REQUIRED WORK: Only the lines from the one containing "Custom Olive Cream" through the end of the records should be retyped, exactly and including both ends; pictures stay out.
*** Opening PROVIDED RECORDS ***
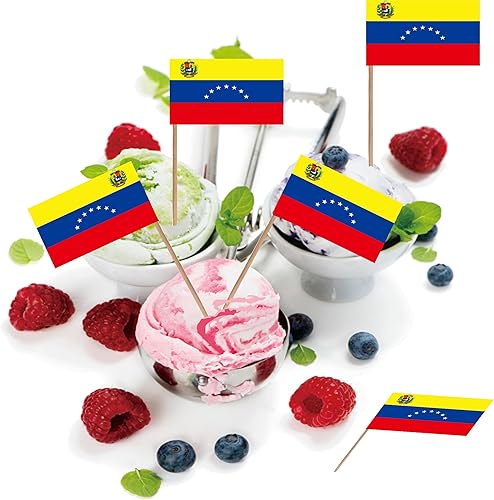 Miniatura 6 de Bandera de Venezuela con palillo de dientes de la República Bolivariana de Venezuela para pequeños cupcakes de frutas, decoración de banderas, 100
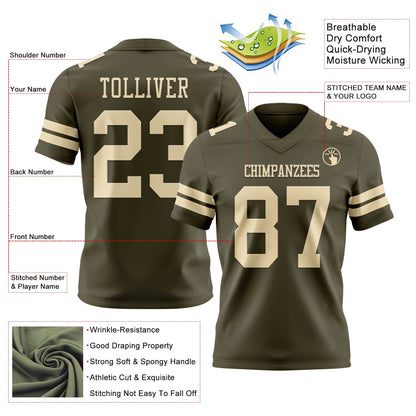 Custom Olive Cream Mesh Authentic Salute To Service Football Jersey - Sky-Custom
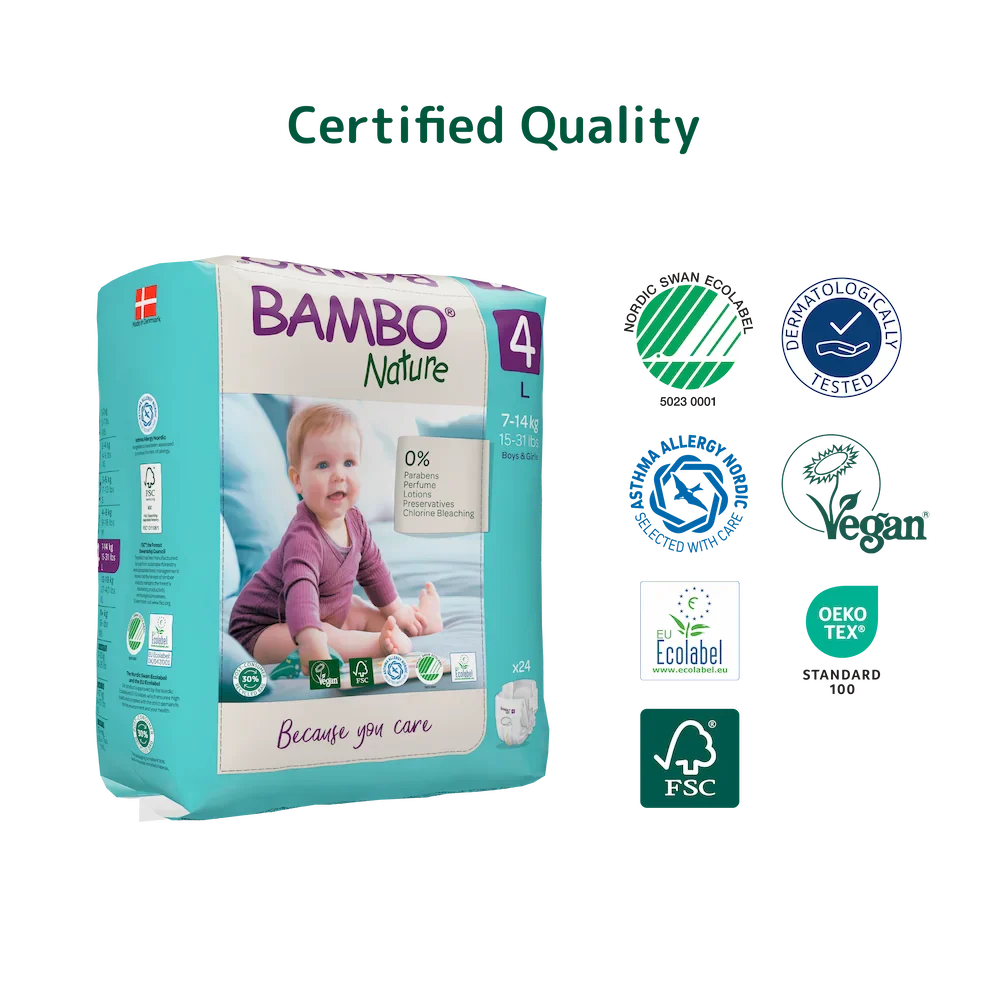 Bambo Nature Premium Baby Tape Diapers for Babies, Large Size (7-14 Kgs)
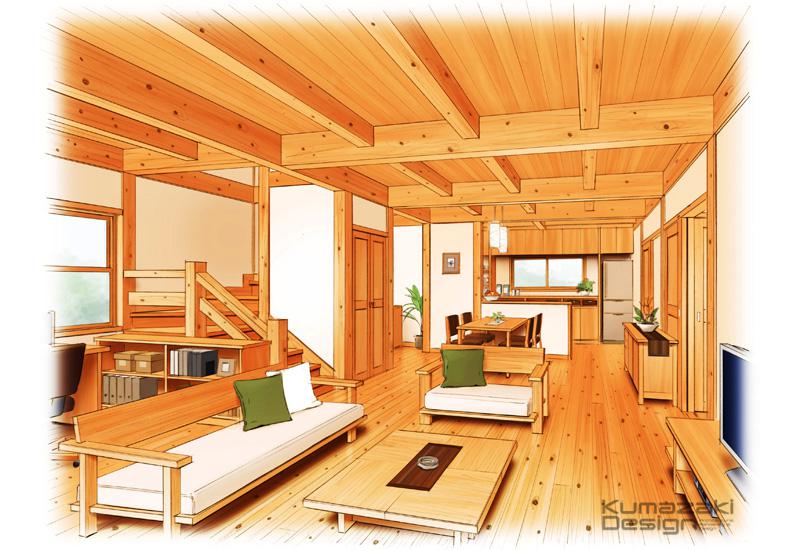 KD-35 木調 住宅内観 手書きパース カウンターキッチン インナー 建築パース 手描き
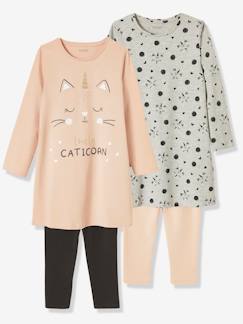 Menina 2-14 anos-Pijamas-Lote de 2 camisas de dormir + leggings "Caticorn"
*** Closing PROVIDED RECORDS ***
TASK ANSWER:
 Custom Olive Cream Mesh Authentic Salute To Service Football Jersey - Sky-Custom
 Bambo Nature Premium Baby Tape Diapers for Babies, Large Size (7-14 Kgs)
 KD-35 木調 住宅内観 手書きパース カウンターキッチン インナー 建築パース 手描き
 Menina 2-14 anos-Pijamas-Lote de 2 camisas de dormir + leggings "Caticorn"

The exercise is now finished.